**** Data provided
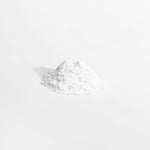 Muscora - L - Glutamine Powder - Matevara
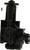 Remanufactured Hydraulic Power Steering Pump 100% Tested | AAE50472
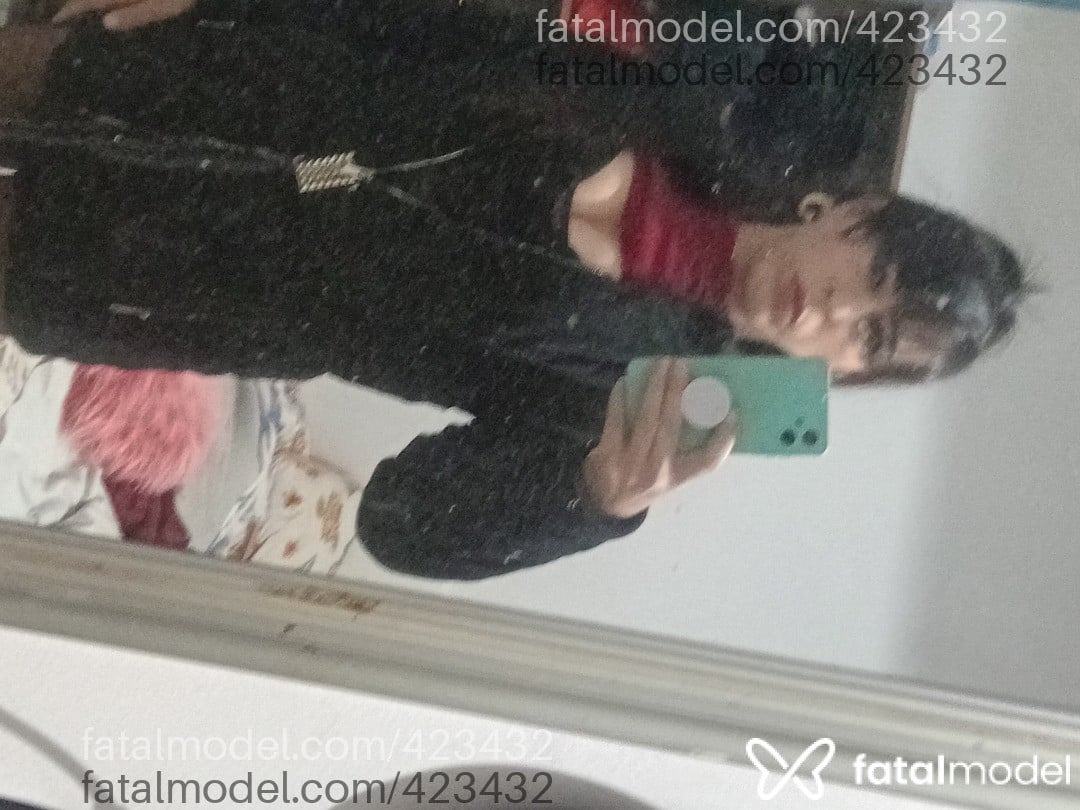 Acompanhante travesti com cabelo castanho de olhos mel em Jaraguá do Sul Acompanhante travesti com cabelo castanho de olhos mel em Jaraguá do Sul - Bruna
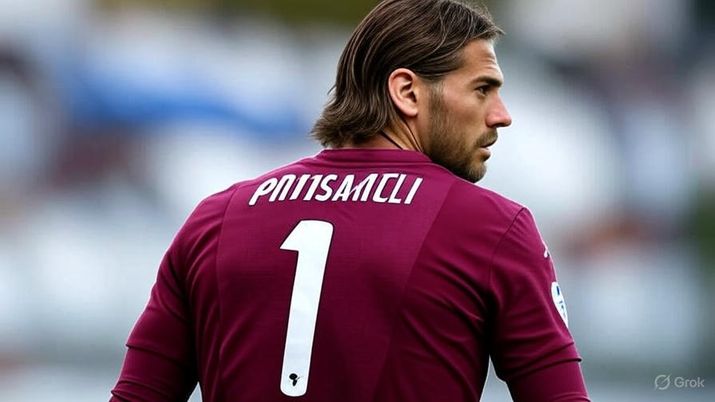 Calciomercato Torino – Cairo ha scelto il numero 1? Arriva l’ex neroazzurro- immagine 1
********
**** Data provided
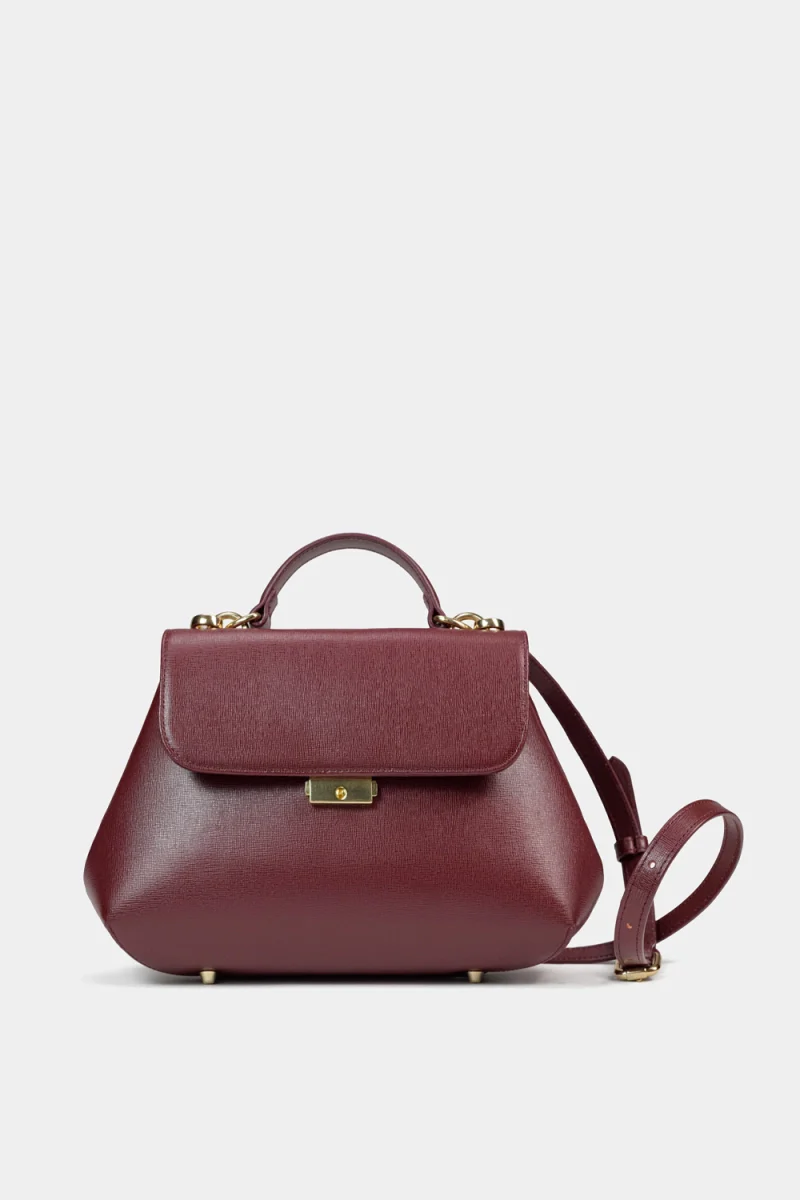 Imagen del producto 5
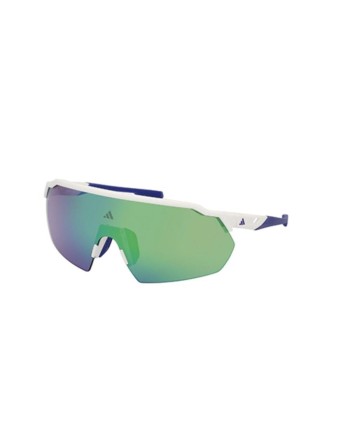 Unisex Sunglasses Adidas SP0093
********
### Your assignment
Copy the listing above exactly, but only from the line with "Muscora - L - Glutamine Powder - Matevara" through the line with "Calciomercato Torino –", including those two lines and excluding any picture.

### Solution below
 Muscora - L - Glutamine Powder - Matevara
 Remanufactured Hydraulic Power Steering Pump 100% Tested | AAE50472
 Acompanhante travesti com cabelo castanho de olhos mel em Jaraguá do Sul Acompanhante travesti com cabelo castanho de olhos mel em Jaraguá do Sul - Bruna
 Calciomercato Torino – Cairo ha scelto il numero 1? Arriva l’ex neroazzurro- immagine 1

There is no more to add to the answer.